─── MATERIAL FOR THIS EXERCISE

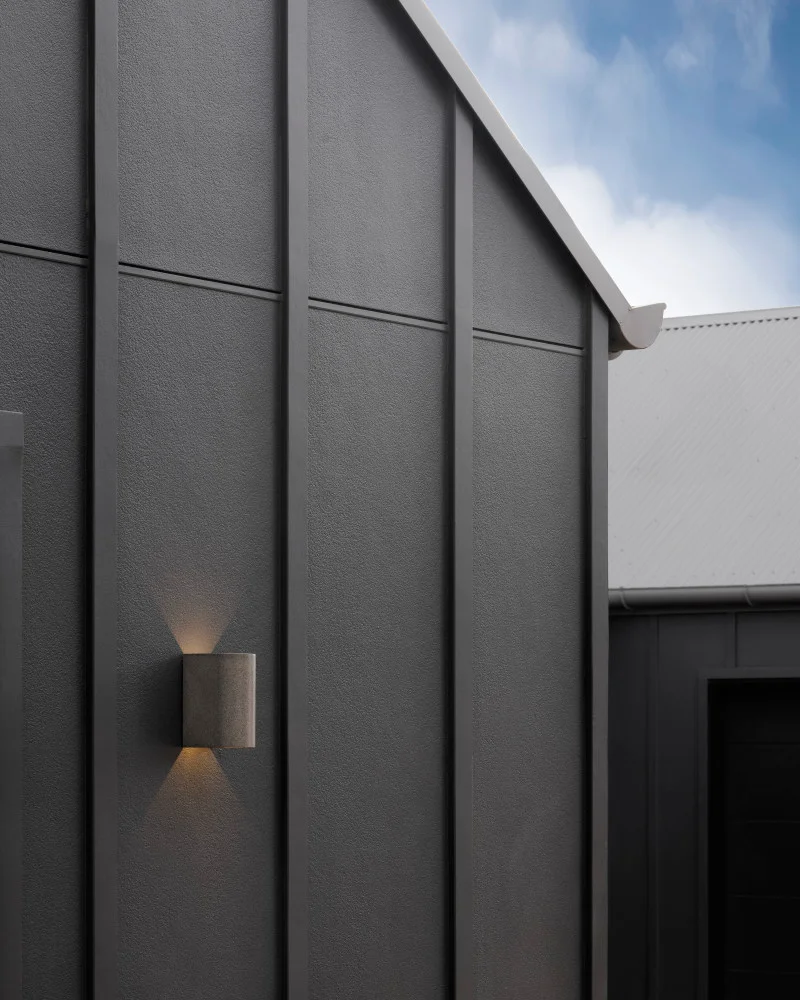 hardie-fine-texture-axent-trim-exterior-TheBlock2025-House5-Daylesford-Julian-Brenchley-jameshardie3-JH Image Gallery Vertical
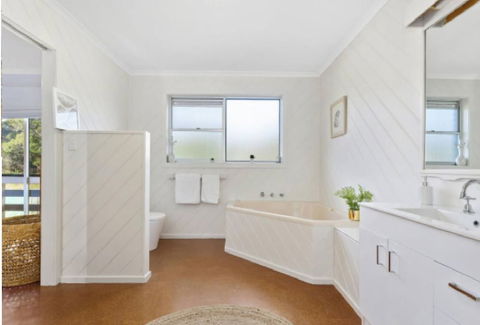 Seaside Serenity 1 - Accommodation Sunshine Coast 5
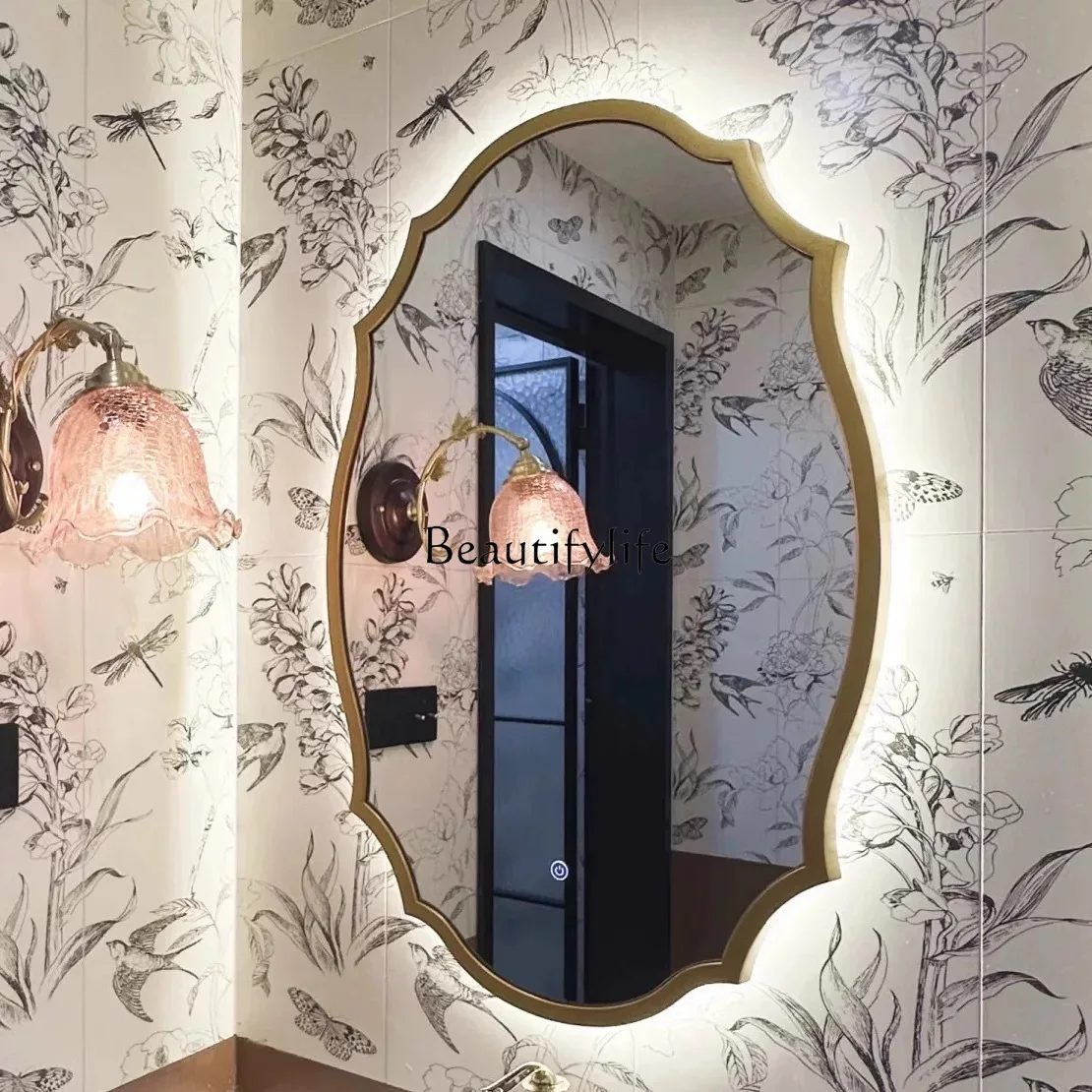 

French simple special-shaped retro American makeup mirror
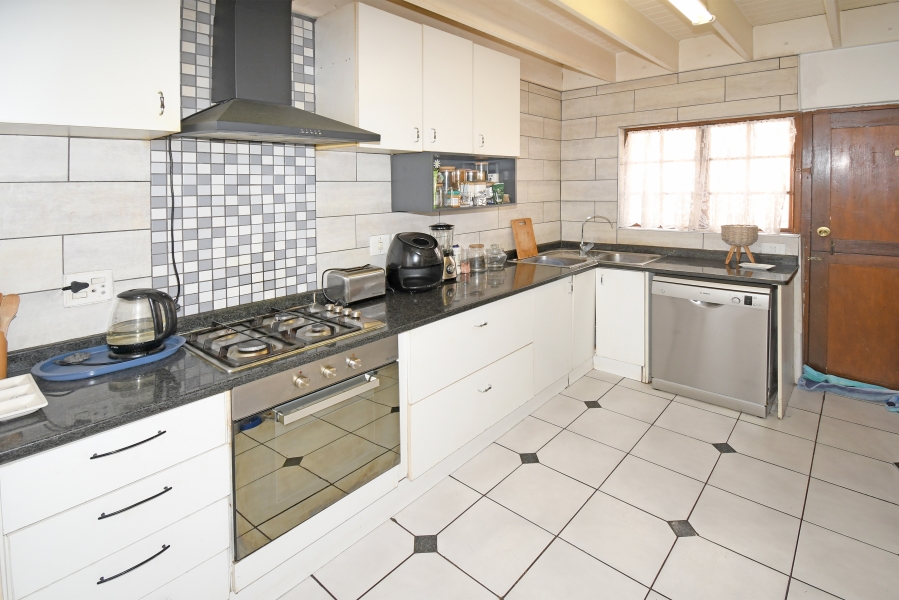 2 Bedroom Property for Sale in Northwold Gauteng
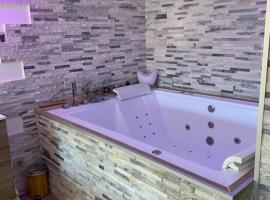 Le Menhir Jacuzzi Lit 200x200, hotel in Le Cendre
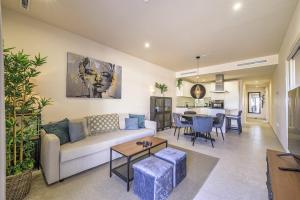 Panoramic views & walk to beach!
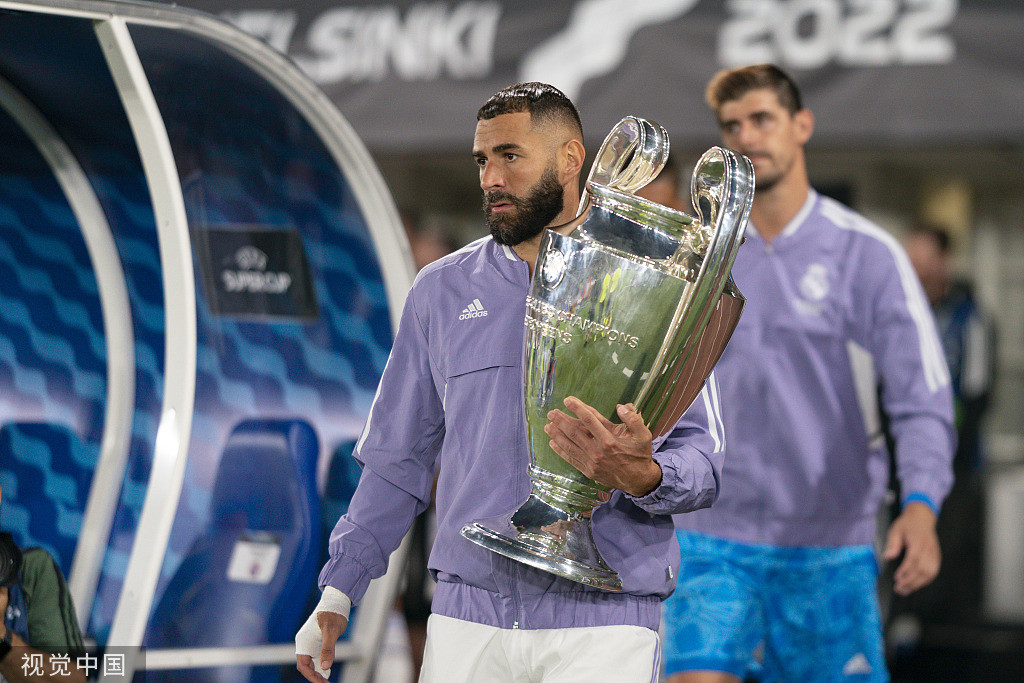 金球奖没有悬念了他不是背锅侠他是欧洲最佳本泽马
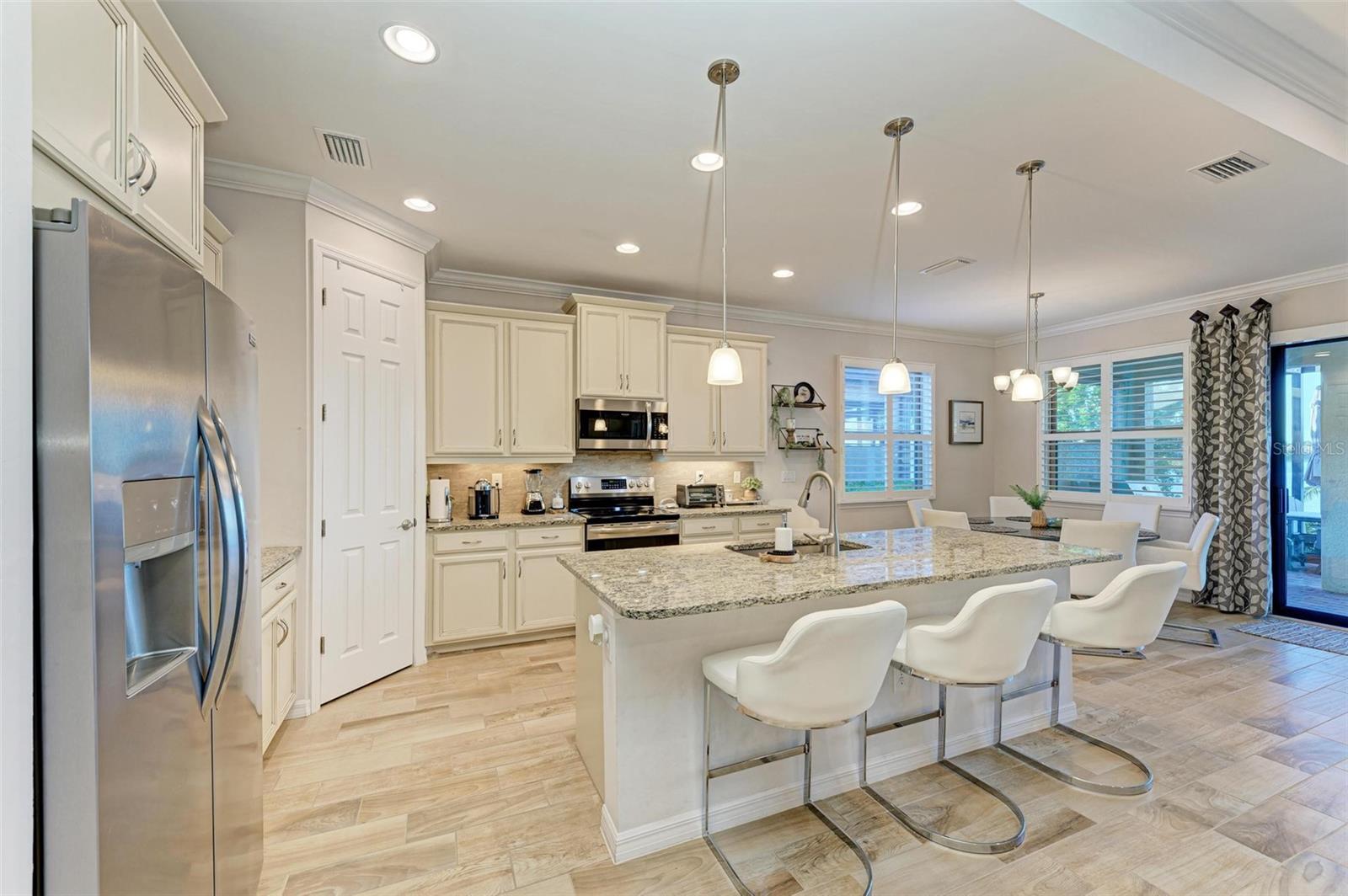 Listing Image #15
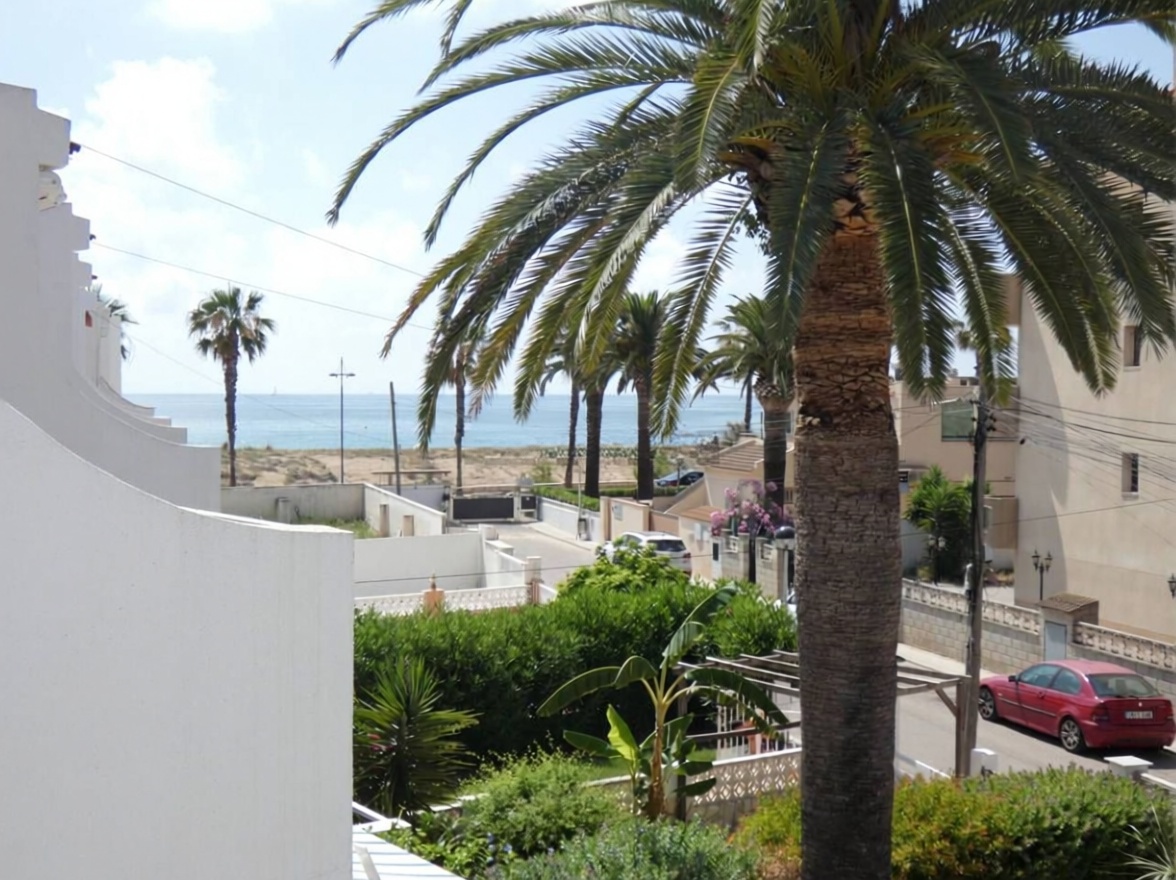 Chalet adosado en venta en Avenida del Papa Luna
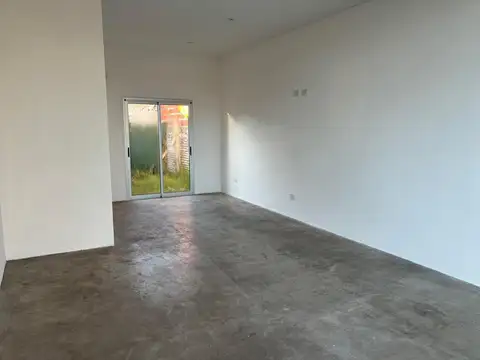 Local en Alquiler en Manuel B Gonnet, $ 560.000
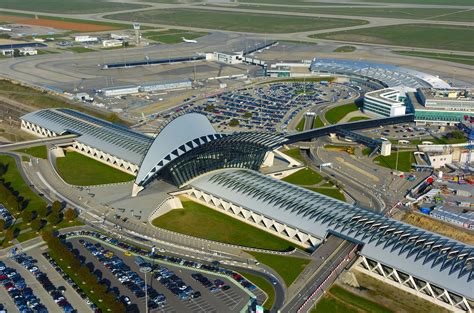 Elit vous propose un parking privé proche de l'aéroport. Lyon-Satolas TGV Station - Lyon, France | AEWORLDMAP.COM ...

──────

= EXERCISE DIRECTIONS =
Extract the run of lines beginning with the line that holds "Chalet adosado en" and ending at the last line of the data, inclusive. Exclude any pictures from the copy.

= SOLVED EXERCISE =
 Chalet adosado en venta en Avenida del Papa Luna
 Local en Alquiler en Manuel B Gonnet, $ 560.000
 Elit vous propose un parking privé proche de l'aéroport. Lyon-Satolas TGV Station - Lyon, France | AEWORLDMAP.COM ...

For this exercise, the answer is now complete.